__TASK GOAL__. Beginning with the line below that contains "2. jūnijā no" and ending with the line that contains "Return To Sender", retype every line exactly. Pictures are not copied.

__RECORDS SHOWN__.
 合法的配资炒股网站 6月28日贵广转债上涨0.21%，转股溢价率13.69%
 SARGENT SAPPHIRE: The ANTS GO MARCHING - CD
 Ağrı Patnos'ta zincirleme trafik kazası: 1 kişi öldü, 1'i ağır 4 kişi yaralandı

==

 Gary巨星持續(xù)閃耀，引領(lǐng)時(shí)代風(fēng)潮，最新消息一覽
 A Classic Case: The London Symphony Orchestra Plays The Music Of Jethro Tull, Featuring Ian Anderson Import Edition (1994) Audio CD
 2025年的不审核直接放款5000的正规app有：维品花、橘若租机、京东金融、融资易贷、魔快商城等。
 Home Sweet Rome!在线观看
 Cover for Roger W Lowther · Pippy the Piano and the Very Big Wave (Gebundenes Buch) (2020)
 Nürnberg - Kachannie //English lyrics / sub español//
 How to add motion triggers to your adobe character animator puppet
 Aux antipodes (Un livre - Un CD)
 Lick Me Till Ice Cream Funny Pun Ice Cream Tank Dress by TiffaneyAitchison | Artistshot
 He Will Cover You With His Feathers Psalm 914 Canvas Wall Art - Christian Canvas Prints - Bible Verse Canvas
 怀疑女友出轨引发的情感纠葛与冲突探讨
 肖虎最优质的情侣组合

* * *

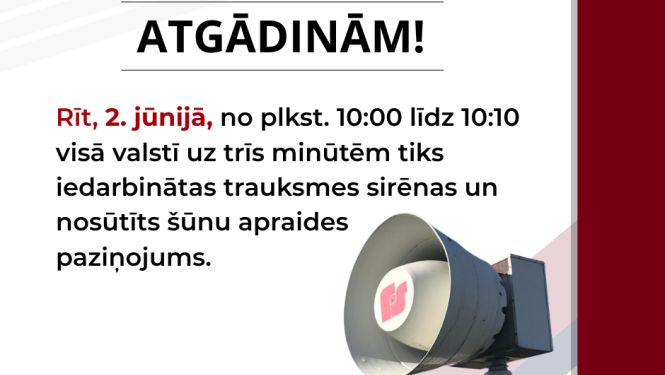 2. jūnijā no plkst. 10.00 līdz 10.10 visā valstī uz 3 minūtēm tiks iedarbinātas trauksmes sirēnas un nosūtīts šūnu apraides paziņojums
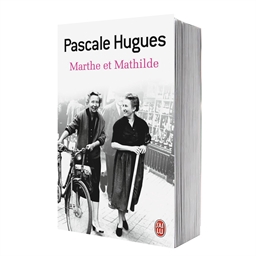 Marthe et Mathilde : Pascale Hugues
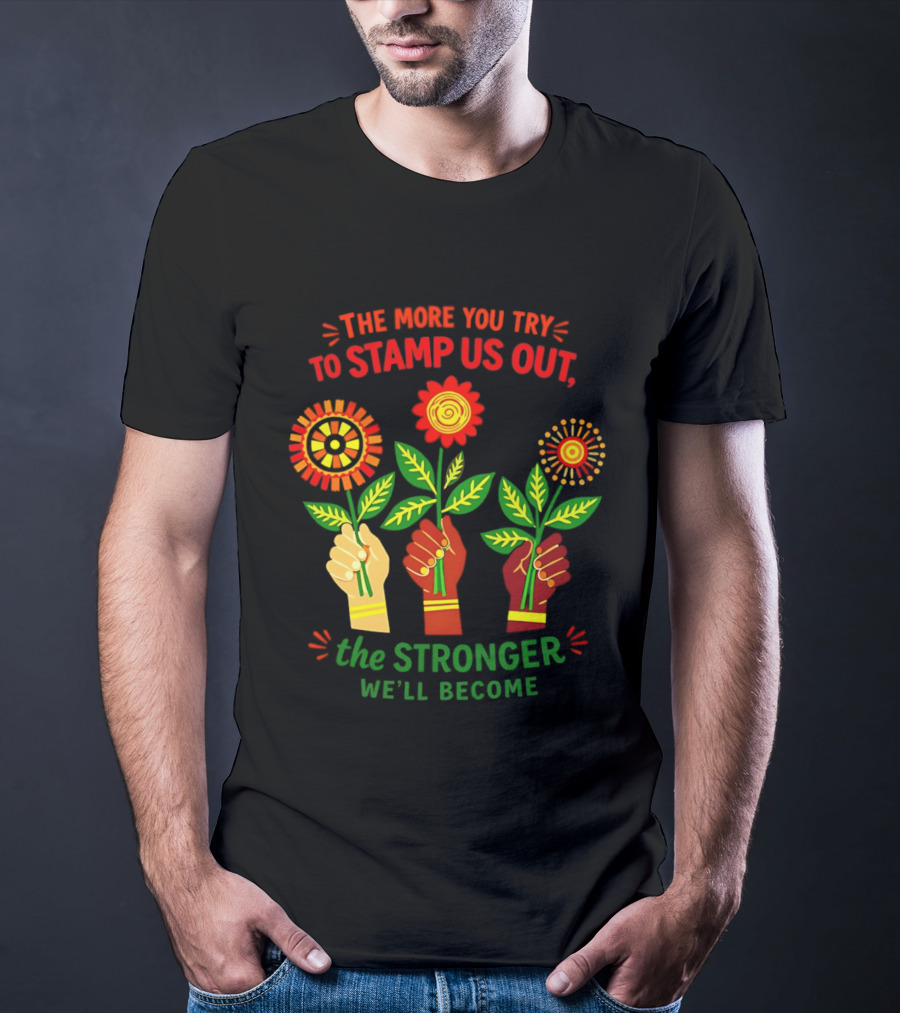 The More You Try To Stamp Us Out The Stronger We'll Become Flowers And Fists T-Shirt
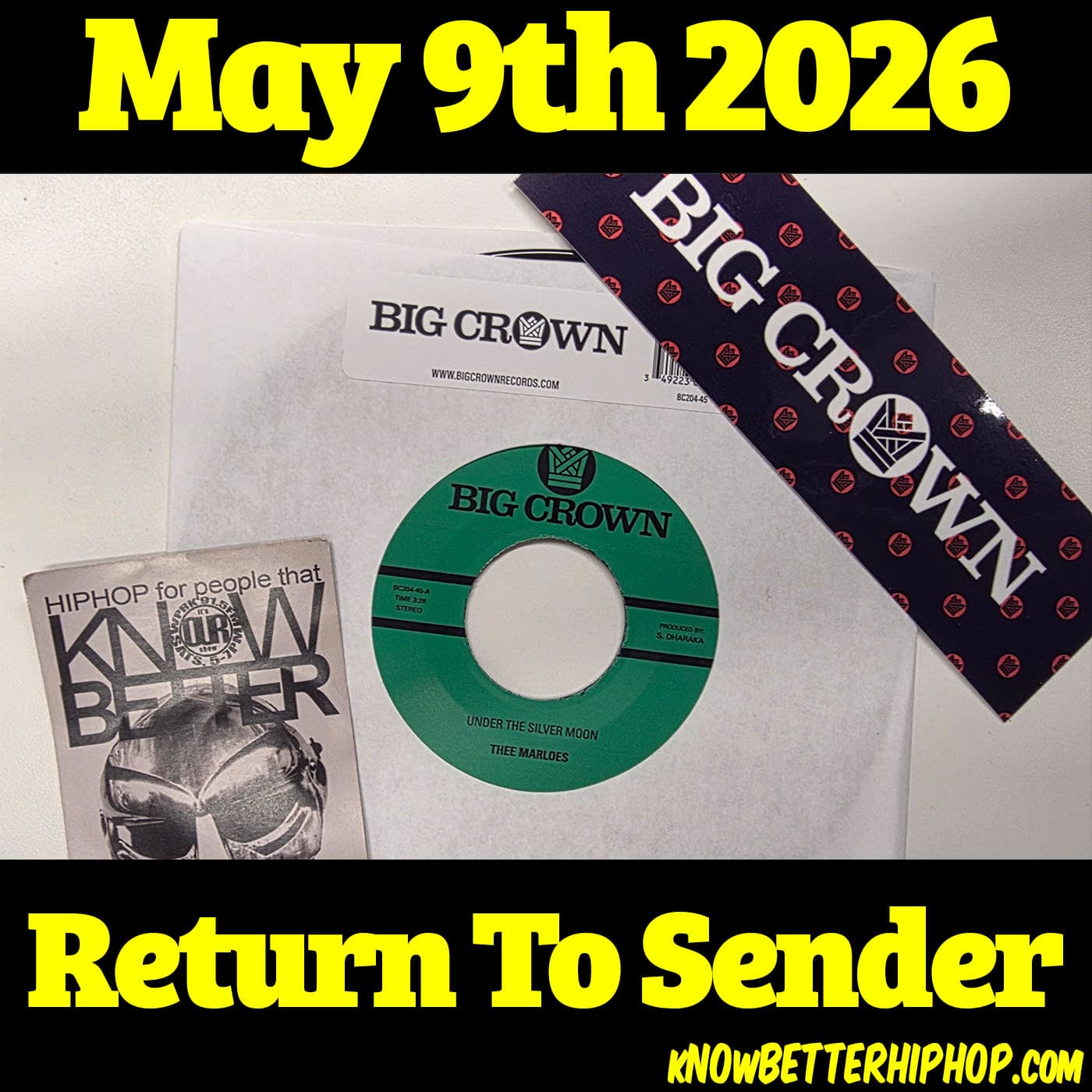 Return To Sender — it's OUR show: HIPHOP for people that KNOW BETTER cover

__WRITTEN RESPONSE__.
 2. jūnijā no plkst. 10.00 līdz 10.10 visā valstī uz 3 minūtēm tiks iedarbinātas trauksmes sirēnas un nosūtīts šūnu apraides paziņojums
 Marthe et Mathilde : Pascale Hugues
 The More You Try To Stamp Us Out The Stronger We'll Become Flowers And Fists T-Shirt
 Return To Sender — it's OUR show: HIPHOP for people that KNOW BETTER cover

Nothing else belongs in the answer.